Court Opinion

ID: 7074612
Source: CourtListenerOpinion
Date Created: 2022-07-24 08:06:37.795458+00
Date Added: 2024-06-11T16:12:43.053042
License: Public Domain

ORDER
Plaintiff Don Campbell sued several prison officials under 42 U.S.C. § 1983, seeking compensatory and punitive damages as well as attorney’s fees for alleged deprivations of his Eighth and Fourteenth Amendment rights. On October 7, 1998, the jury returned a verdict in favor of Campbell on his Eighth Amendment claims against defendants John Groves, Charles Williams, and Howard Peters. After the district court denied their motion for judgment as a matter of law, these defendants appealed to this court (No. 99-3775).
While their appeal was pending, Campbell moved for attorney’s fees pursuant to 42 U.S.C. § 1988, and on January 23, 2001, the district court awarded him $45,550.48 in attorney’s fees. On February 22, 2001, the defendants filed the appeal in No. 01-1426 from the fee award. Later, on March 15, 2001, the district court awarded Campbell $8,829.21 in fees for time spent litigating the fee petition. On April 9, 2001, the defendants filed their appeal in No. 01-1851 from that order.

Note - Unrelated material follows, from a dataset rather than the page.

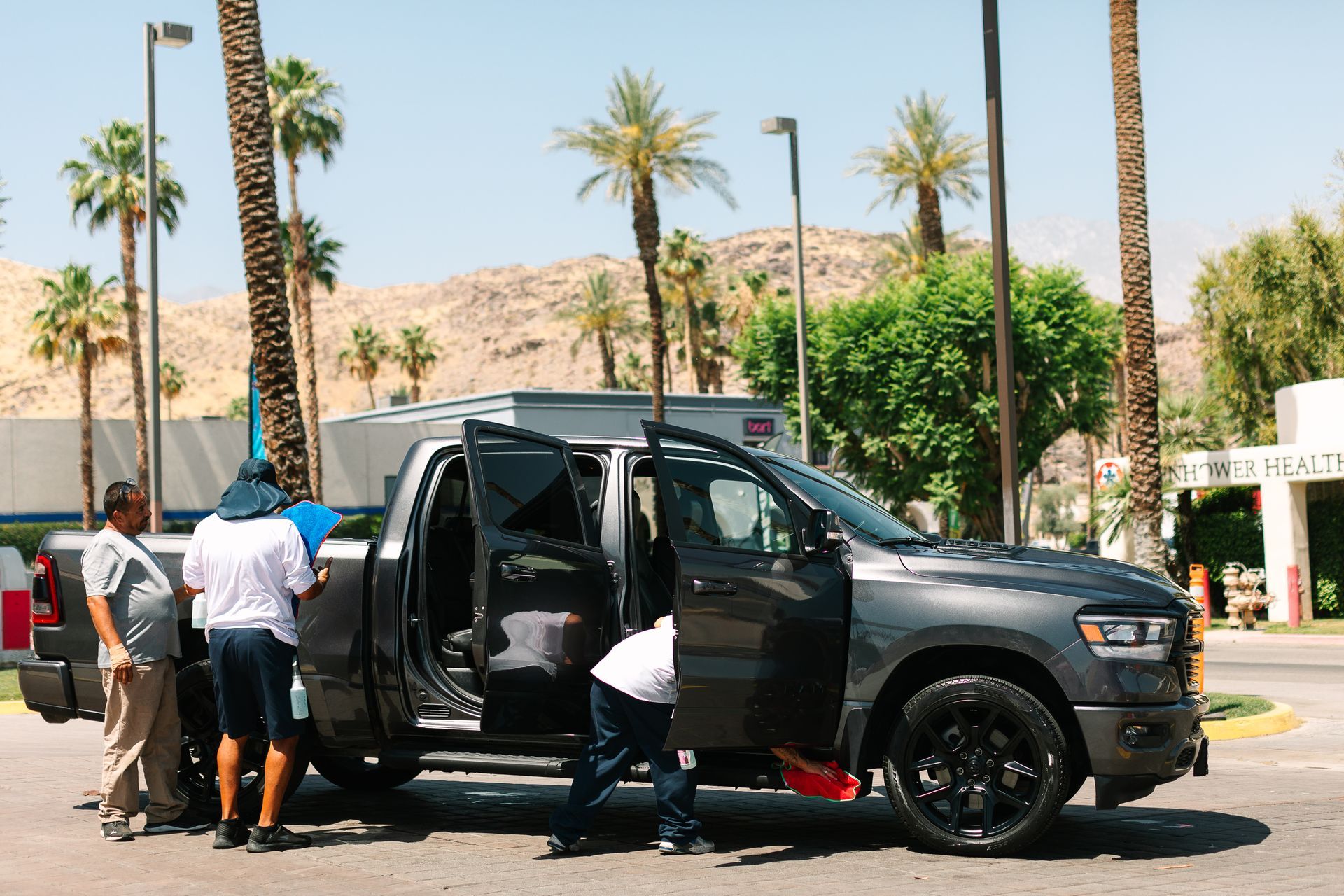 A group of men are standing around a pickup truck with the doors open.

In an opinion issued today, we have reversed the jury verdict in favor of Campbell and remanded the case to the district court to enter judgment as a matter of law in favor of Groves, Peters, and Williams, on the ground that they were entitled to qualified immunity. In light of this outcome, the district court’s awards of attorney’s fees must also be reversed. See Pardo v. Hosier, 946 F.2d 1278, 1285 (7th Cir.1991) (“When a judgment on which an award of attorney’s fees to the prevailing party is based is reversed, the award, of course, falls with it.”), quoting Palmer v. City of Chicago, 806 F.2d 1316, 1320 (7th Cir.1986). Both fee awards are hereby Vacated and the case is Remanded for entry of judgment consistent with this order.